■ The input ■
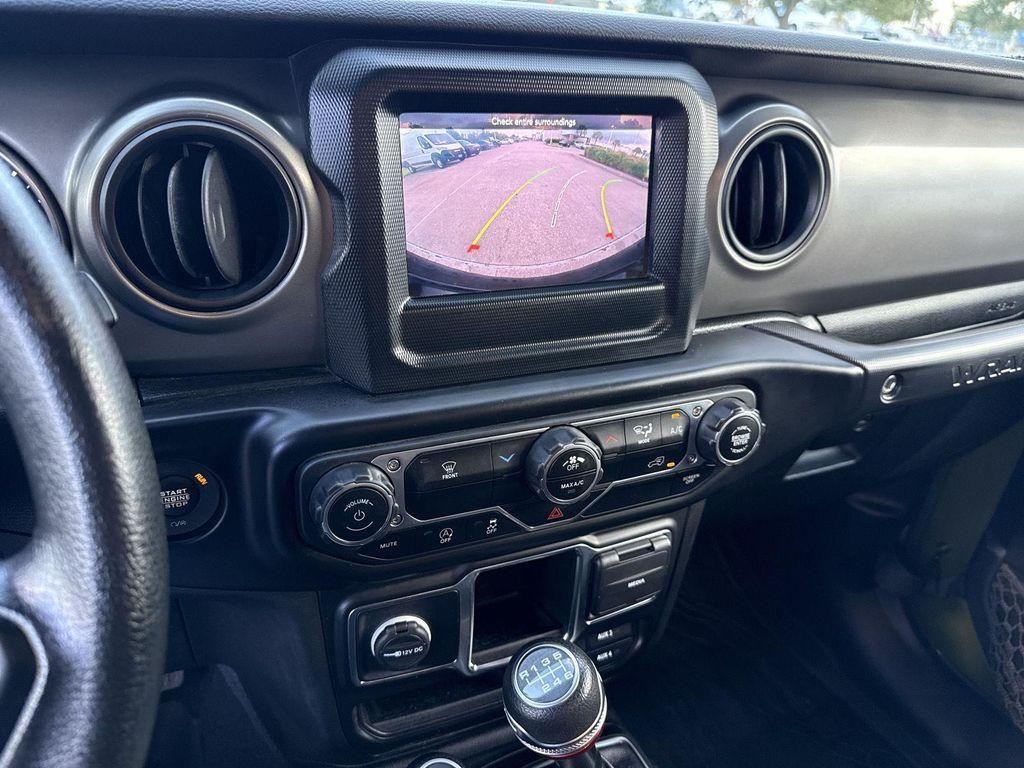 used 2022 Jeep Wrangler car, priced at $24,619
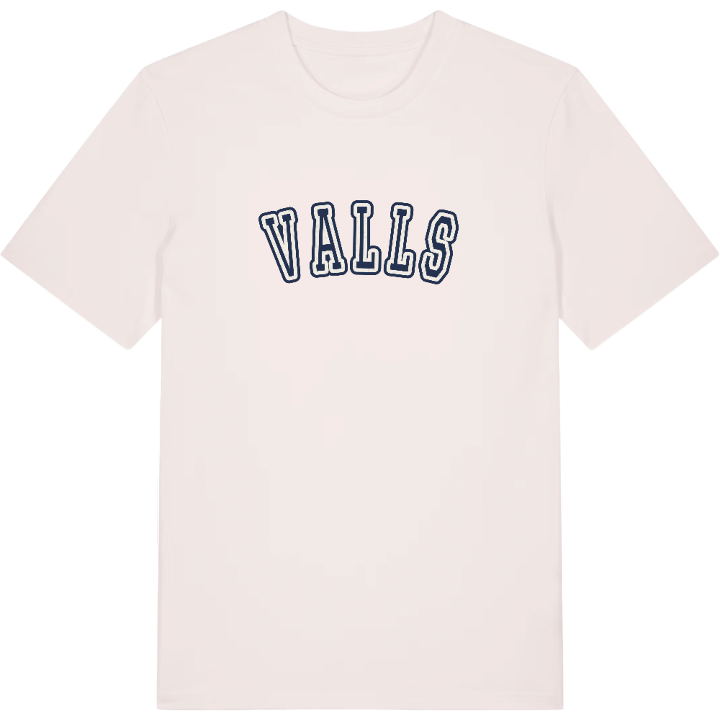 Valls college t-shirt – t-shirt från PinShirt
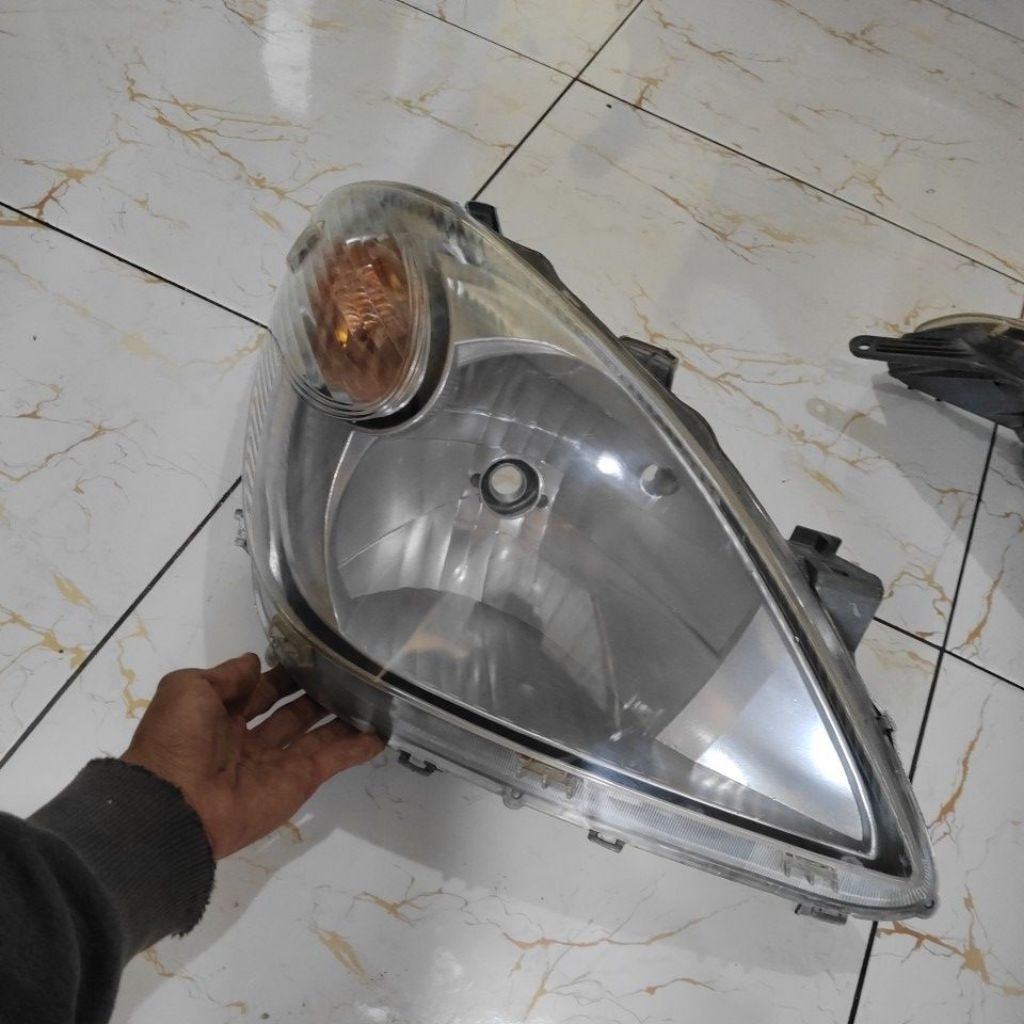 headlamp lampu depan xenia avanza 2004 2005 ori
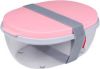 Mepal Ellipse Saladebox Nordic Pink online kopen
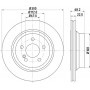 8DD 355 108-861 HELLA PAGID Гальмівний диск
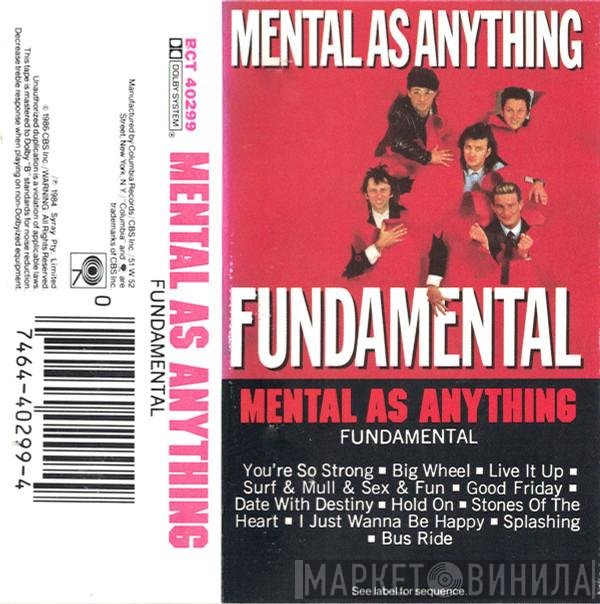 Mental As Anything  - Fundamental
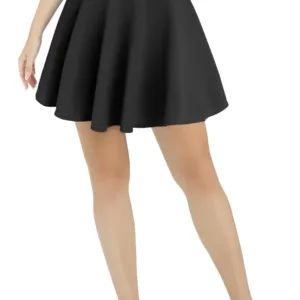 womens mini skater skirt 4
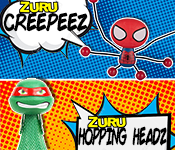 Creepeez / Hopping Headz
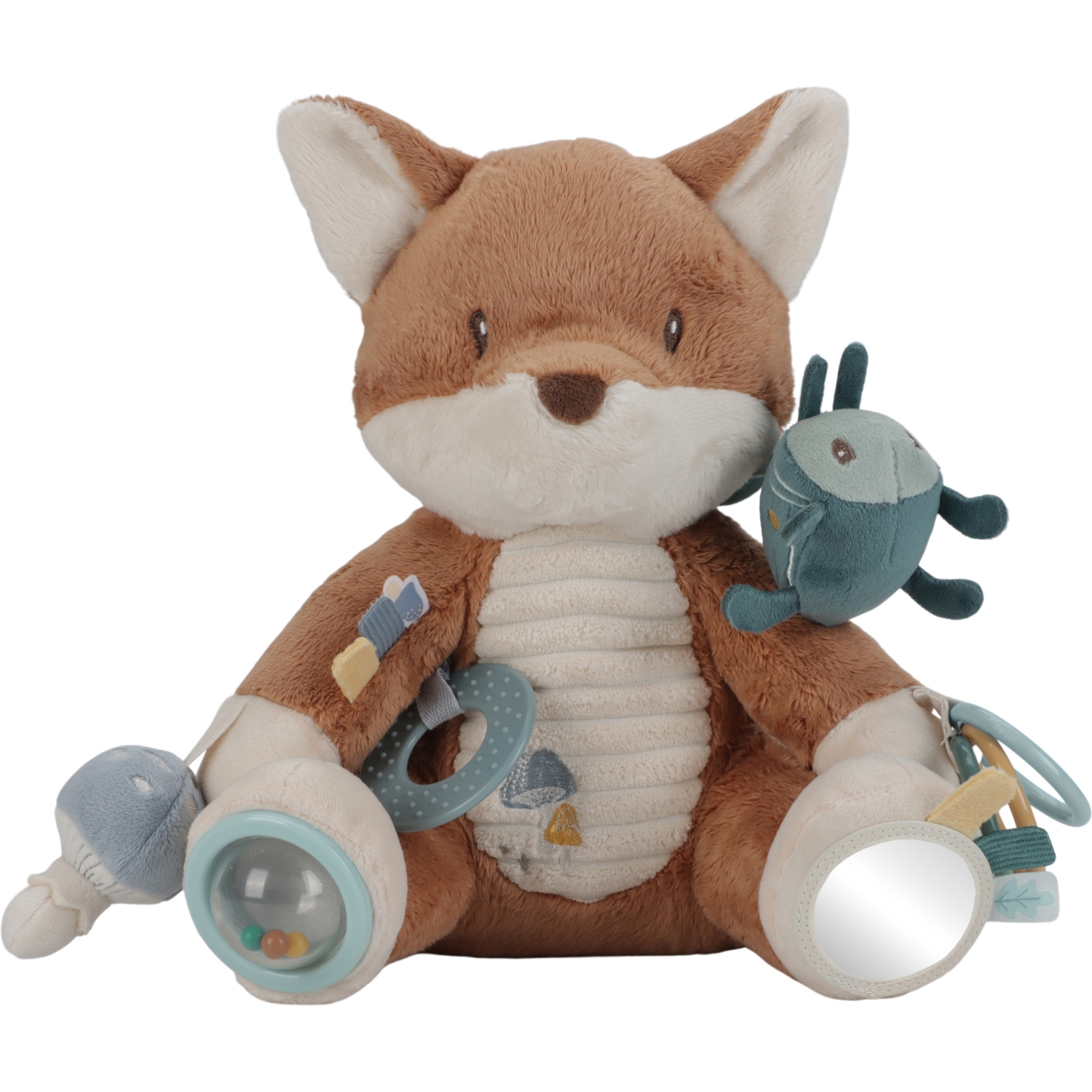 Little Dutch - Peluche d'activités renard Forest Friends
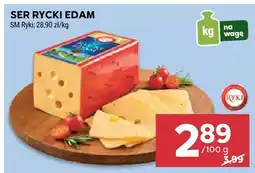 Stokrotka Ser Rycki Edam SM Ryki oferta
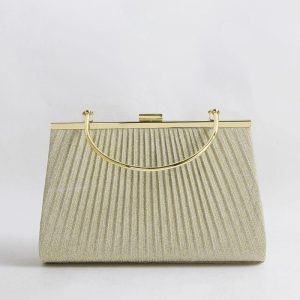 Clutches | Delicate/Shining/Unique Handbags Gold – Womens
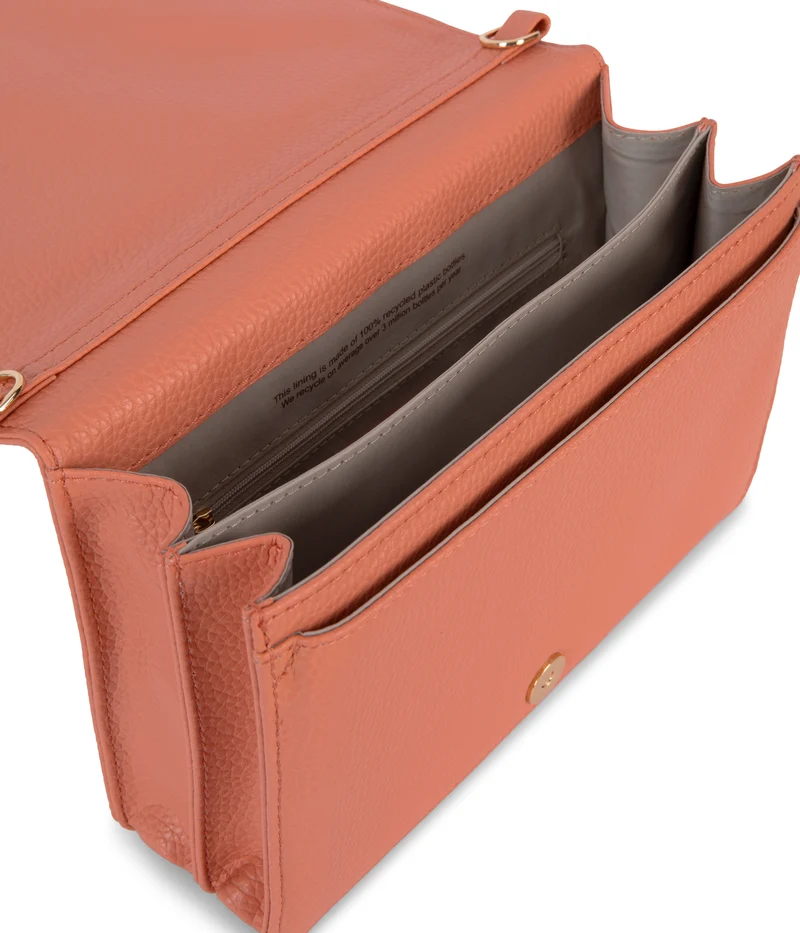 FRANCA Sac à bandoulière végétalien - Pureté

■ Description of the task ■
Copy only this from above: the line containing "Valls college t-shirt", the line containing "Clutches | Delicate/Shining/Unique", and all lines between, printed exactly. Leave out the pictures.

■ Exercise solution ■
 Valls college t-shirt – t-shirt från PinShirt
 headlamp lampu depan xenia avanza 2004 2005 ori
 Mepal Ellipse Saladebox Nordic Pink online kopen
 8DD 355 108-861 HELLA PAGID Гальмівний диск
 Mental As Anything  - Fundamental
 womens mini skater skirt 4
 Creepeez / Hopping Headz
 Little Dutch - Peluche d'activités renard Forest Friends
 Stokrotka Ser Rycki Edam SM Ryki oferta
 Clutches | Delicate/Shining/Unique Handbags Gold – Womens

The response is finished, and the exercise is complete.